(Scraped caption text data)
--- START ---
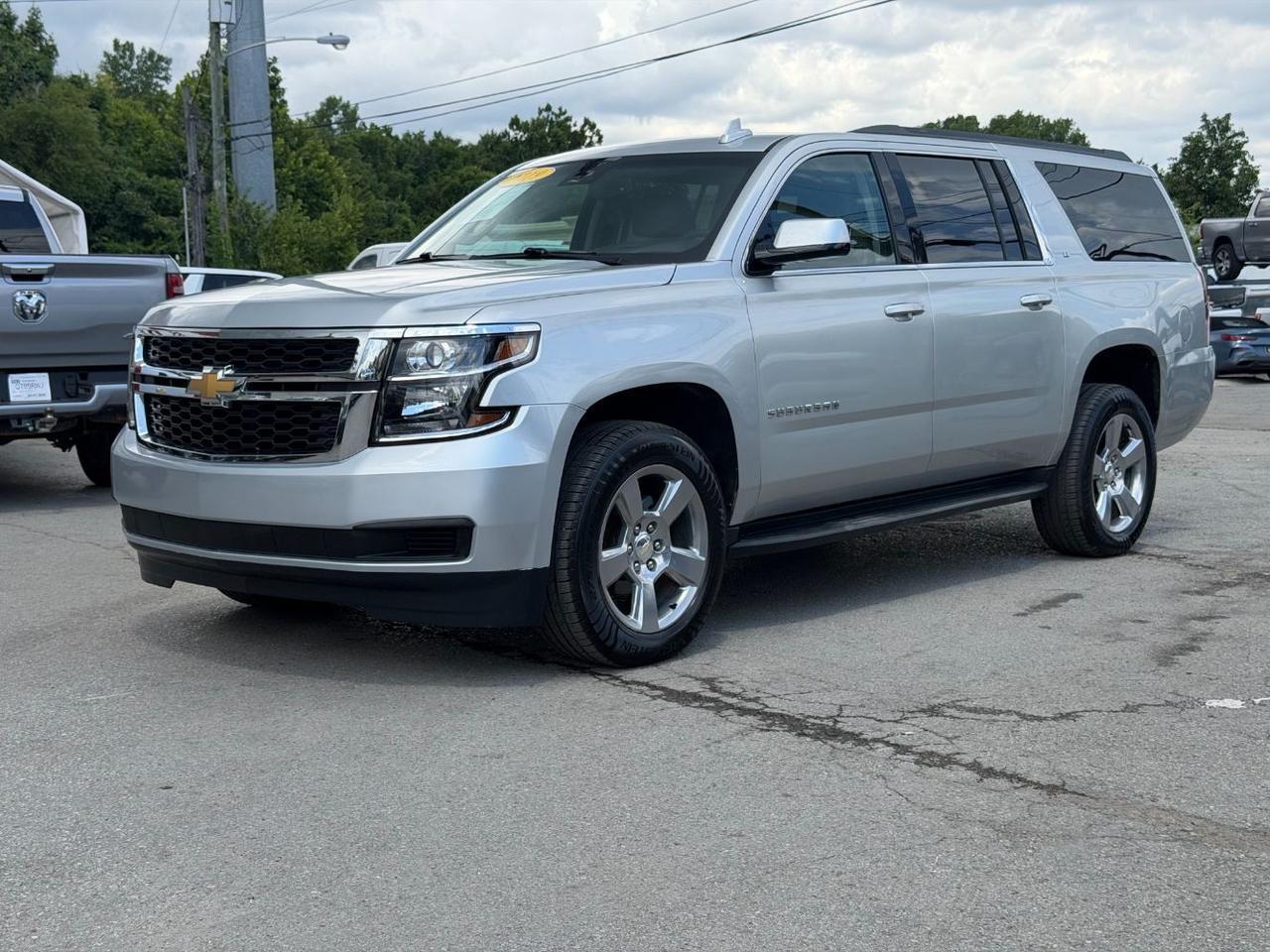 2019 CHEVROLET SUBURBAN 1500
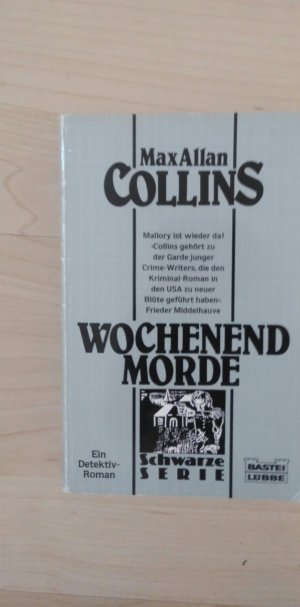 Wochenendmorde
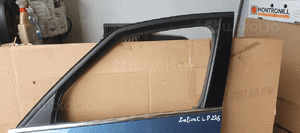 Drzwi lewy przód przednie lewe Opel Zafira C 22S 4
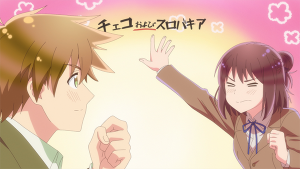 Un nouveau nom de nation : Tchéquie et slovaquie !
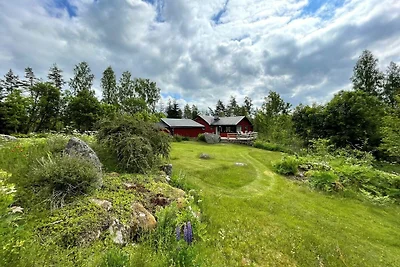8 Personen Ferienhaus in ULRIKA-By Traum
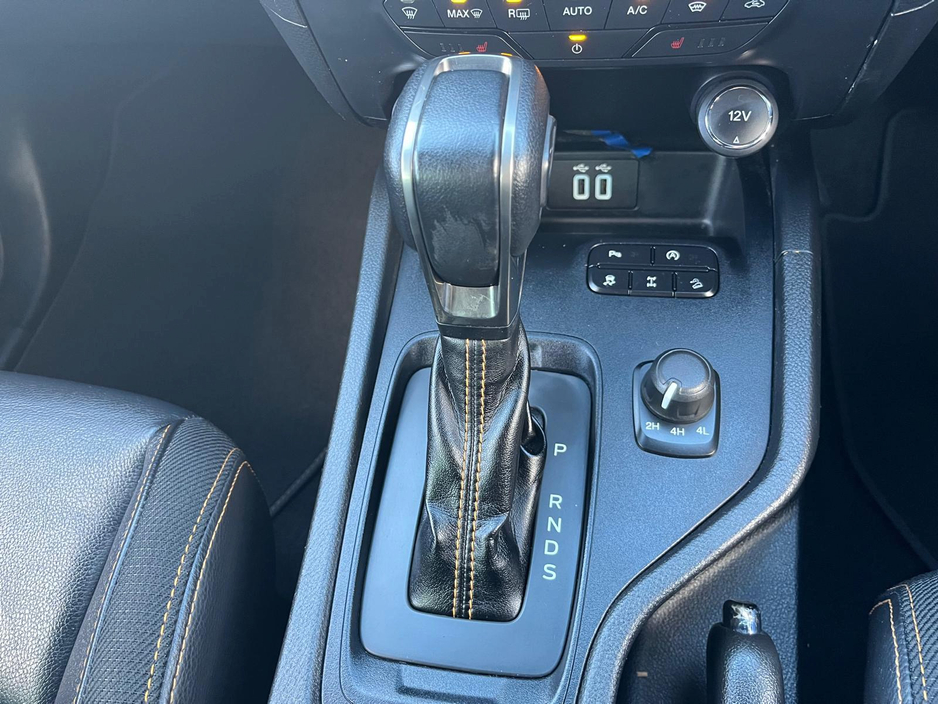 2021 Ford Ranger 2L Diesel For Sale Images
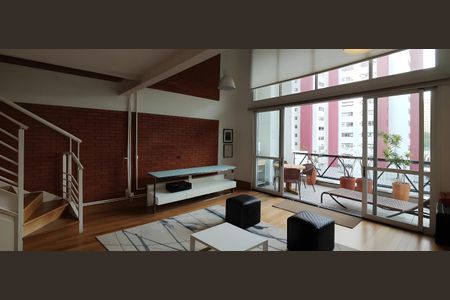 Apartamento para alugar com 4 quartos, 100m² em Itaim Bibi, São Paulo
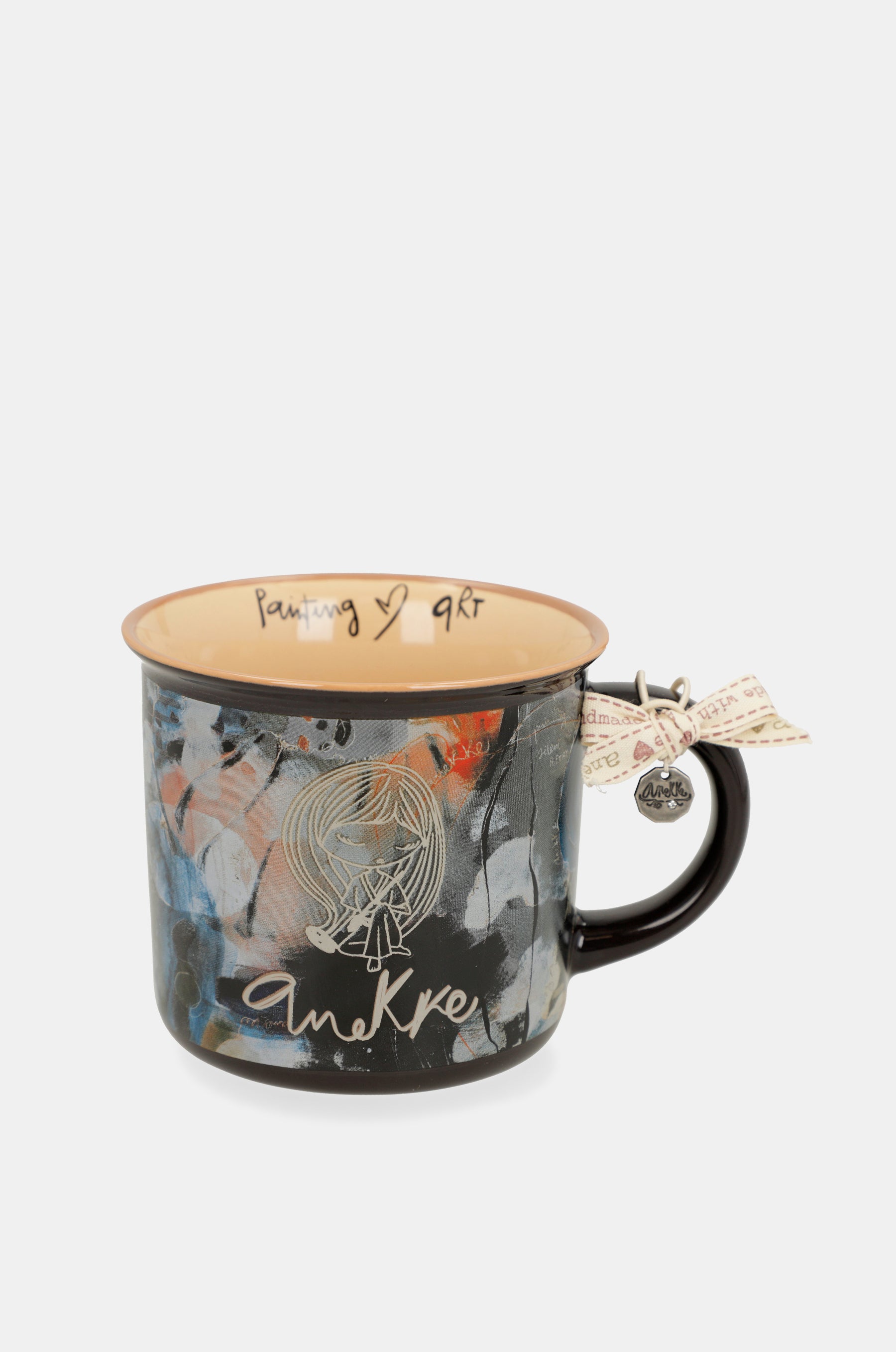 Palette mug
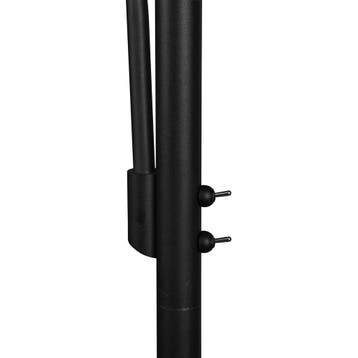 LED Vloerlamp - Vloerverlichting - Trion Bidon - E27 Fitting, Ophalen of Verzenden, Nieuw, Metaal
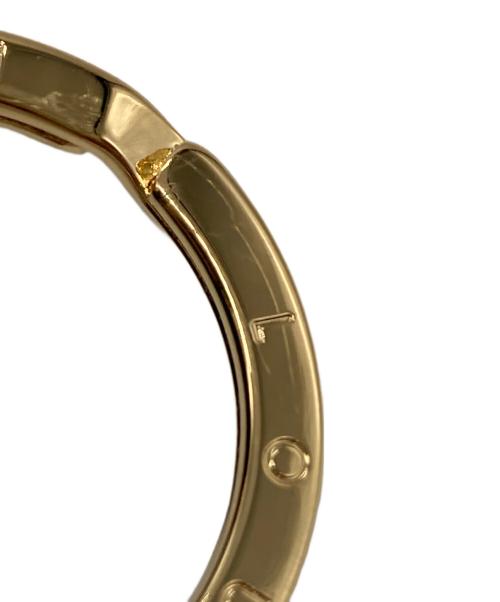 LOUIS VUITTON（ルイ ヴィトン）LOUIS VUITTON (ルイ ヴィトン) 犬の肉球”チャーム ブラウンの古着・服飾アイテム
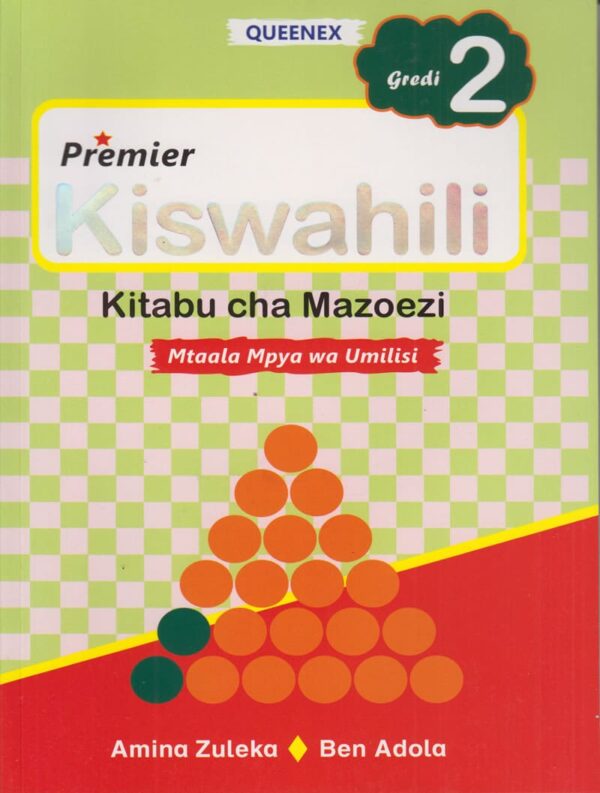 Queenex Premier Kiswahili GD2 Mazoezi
--- END ---
**YOUR INSTRUCTIONS:**
Type out all of the records exactly, leaving out any picture.

**WRITTEN ANSWER:**
 2019 CHEVROLET SUBURBAN 1500
 Wochenendmorde
 Drzwi lewy przód przednie lewe Opel Zafira C 22S 4
 Un nouveau nom de nation : Tchéquie et slovaquie !
8 Personen Ferienhaus in ULRIKA-By Traum
 2021 Ford Ranger 2L Diesel For Sale Images
 Apartamento para alugar com 4 quartos, 100m² em Itaim Bibi, São Paulo
 Palette mug
 LED Vloerlamp - Vloerverlichting - Trion Bidon - E27 Fitting, Ophalen of Verzenden, Nieuw, Metaal
 LOUIS VUITTON（ルイ ヴィトン）LOUIS VUITTON (ルイ ヴィトン) 犬の肉球”チャーム ブラウンの古着・服飾アイテム
 Queenex Premier Kiswahili GD2 Mazoezi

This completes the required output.